(TASK TO COMPLETE): Word for word, copy the data that follows and skip its pictures.
BEGIN DATA SHOWN
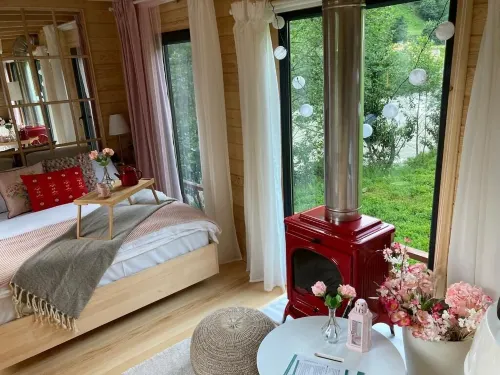 Vagona Tiny House Hotel di Behice Koyu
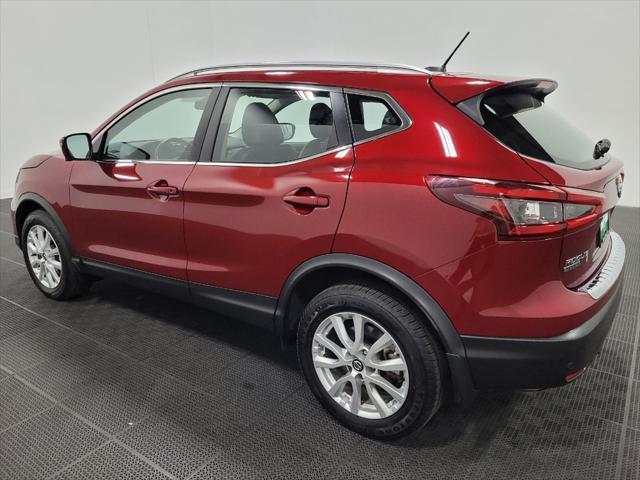 2022 nissan rogue sport sv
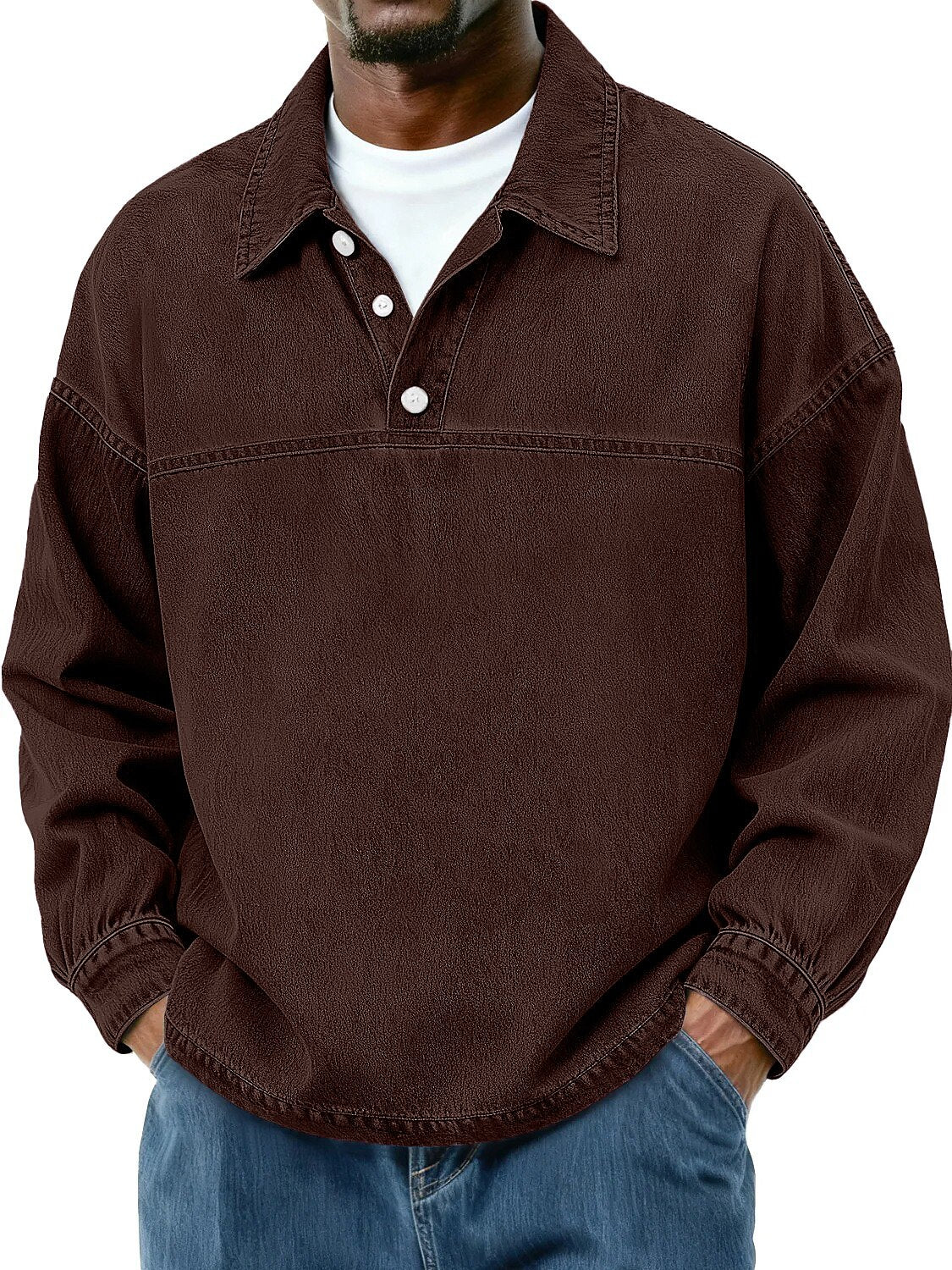 Broken-In Comfort 100% Cotton Polo Shirt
END DATA SHOWN
(THE COMPLETED TASK):
 Vagona Tiny House Hotel di Behice Koyu
 2022 nissan rogue sport sv
 Broken-In Comfort 100% Cotton Polo Shirt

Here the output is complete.